*** Begin section ***

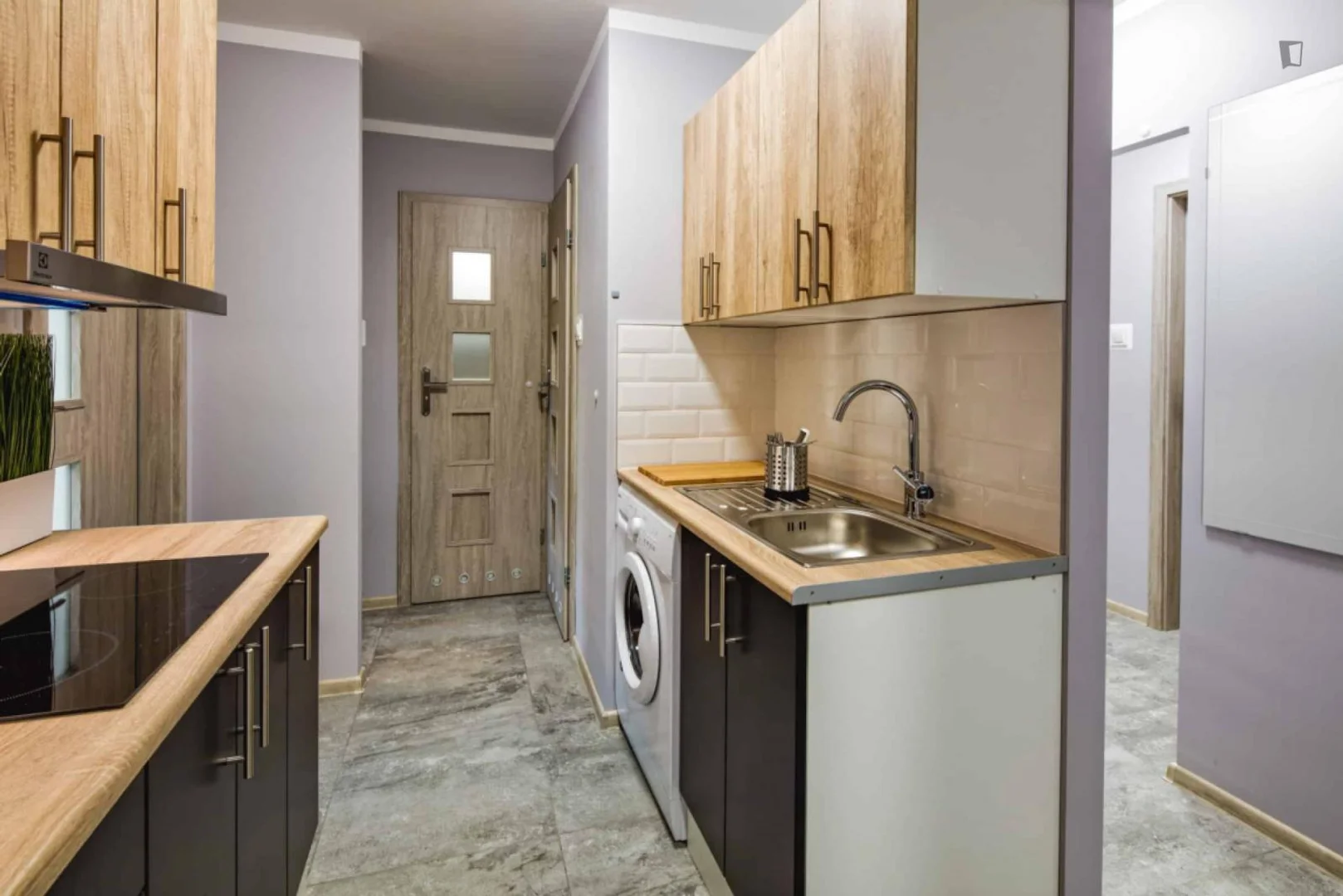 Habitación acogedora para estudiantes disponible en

*** End section ***
*** Begin section ***

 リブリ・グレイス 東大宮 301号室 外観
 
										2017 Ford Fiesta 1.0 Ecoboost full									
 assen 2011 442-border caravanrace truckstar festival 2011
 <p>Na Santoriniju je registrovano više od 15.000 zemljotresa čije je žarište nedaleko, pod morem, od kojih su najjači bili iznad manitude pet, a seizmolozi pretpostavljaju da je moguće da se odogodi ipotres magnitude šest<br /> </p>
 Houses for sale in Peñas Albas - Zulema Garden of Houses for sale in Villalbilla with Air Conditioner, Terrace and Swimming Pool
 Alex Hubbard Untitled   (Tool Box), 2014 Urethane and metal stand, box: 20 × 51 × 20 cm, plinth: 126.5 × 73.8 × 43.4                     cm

*** End section ***
*** Begin section ***

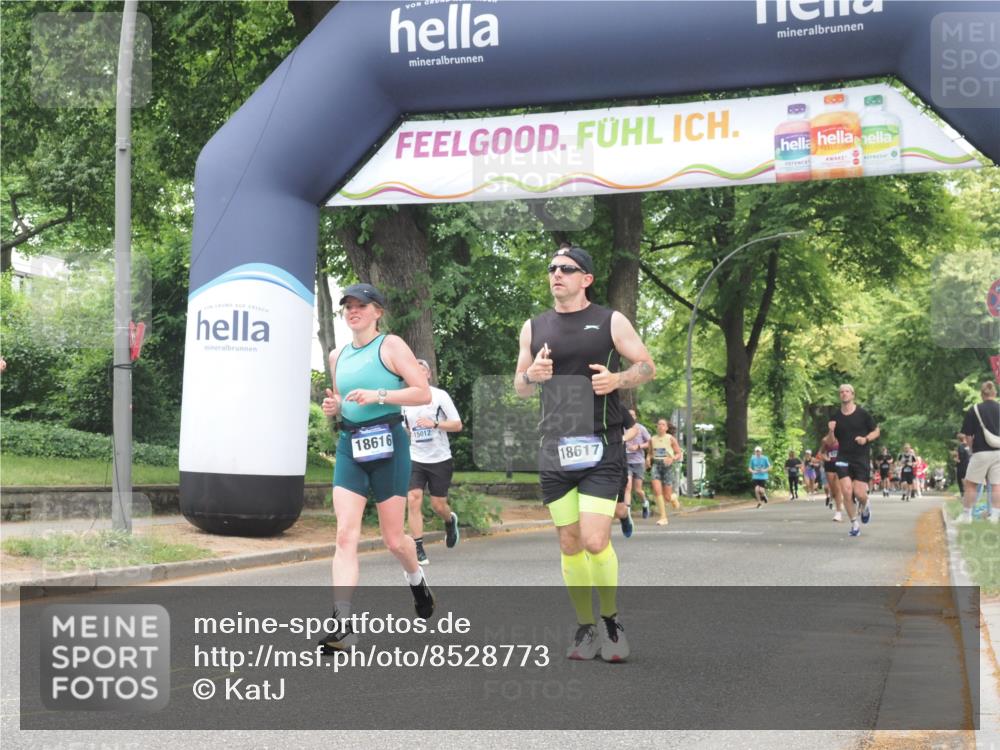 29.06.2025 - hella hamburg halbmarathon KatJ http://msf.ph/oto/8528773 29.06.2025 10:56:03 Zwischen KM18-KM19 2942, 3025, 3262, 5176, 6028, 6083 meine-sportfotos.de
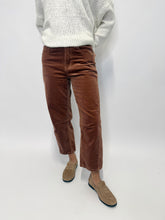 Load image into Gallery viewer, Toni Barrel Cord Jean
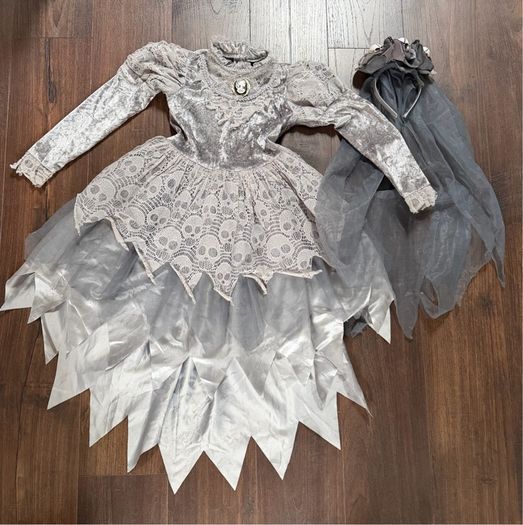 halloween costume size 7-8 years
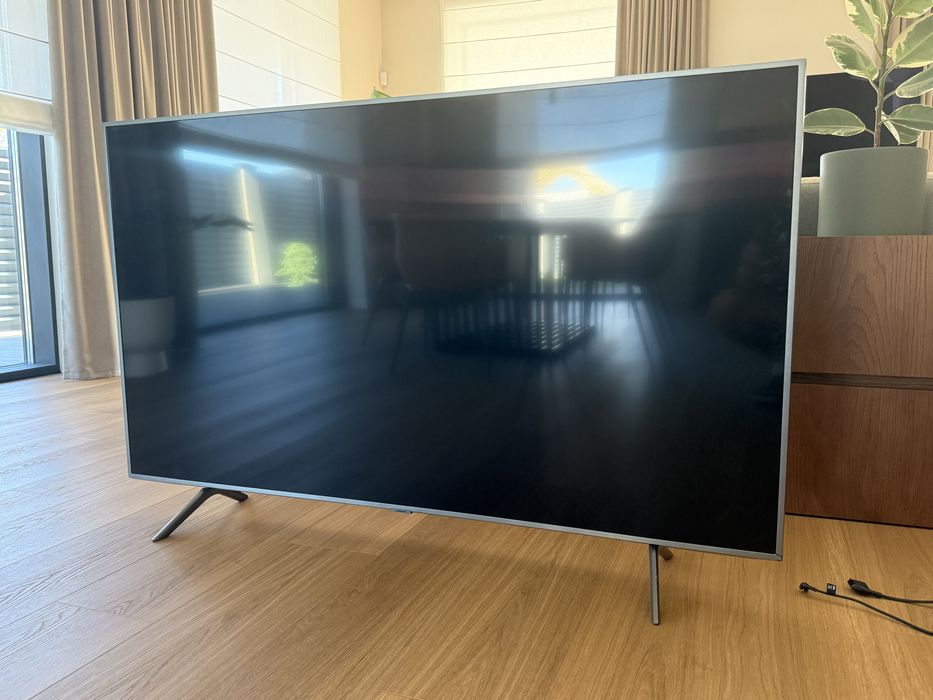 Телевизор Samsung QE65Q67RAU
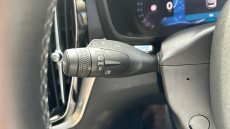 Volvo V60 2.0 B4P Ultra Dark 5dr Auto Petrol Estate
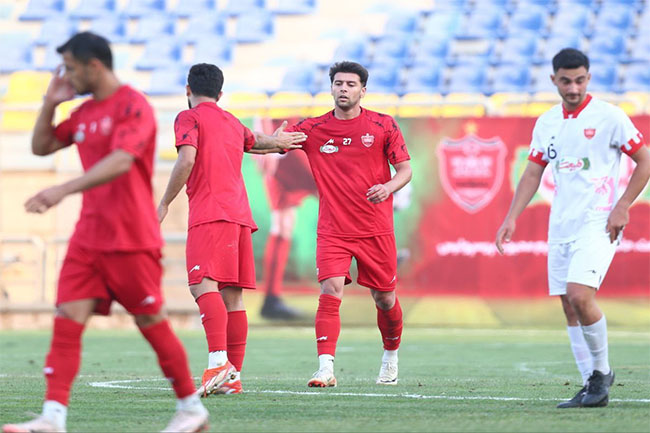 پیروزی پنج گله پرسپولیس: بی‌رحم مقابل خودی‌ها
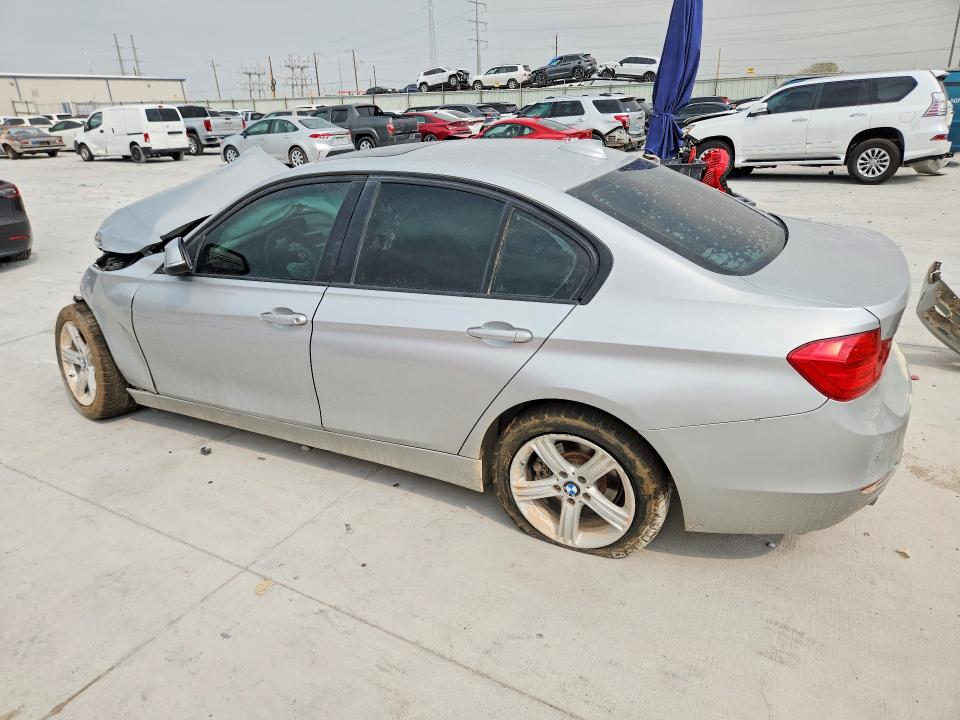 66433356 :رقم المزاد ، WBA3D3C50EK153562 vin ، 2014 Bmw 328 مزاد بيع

*** End section ***

▸ TASK: Which lines above run from the one containing "assen 2011 442-border" down to the one containing "Alex Hubbard Untitled"? Repeat exactly those, both ends included, and nothing else.

▸ RESULT OF THIS EXERCISE:
 assen 2011 442-border caravanrace truckstar festival 2011
 <p>Na Santoriniju je registrovano više od 15.000 zemljotresa čije je žarište nedaleko, pod morem, od kojih su najjači bili iznad manitude pet, a seizmolozi pretpostavljaju da je moguće da se odogodi ipotres magnitude šest<br /> </p>
 Houses for sale in Peñas Albas - Zulema Garden of Houses for sale in Villalbilla with Air Conditioner, Terrace and Swimming Pool
 Alex Hubbard Untitled   (Tool Box), 2014 Urethane and metal stand, box: 20 × 51 × 20 cm, plinth: 126.5 × 73.8 × 43.4                     cm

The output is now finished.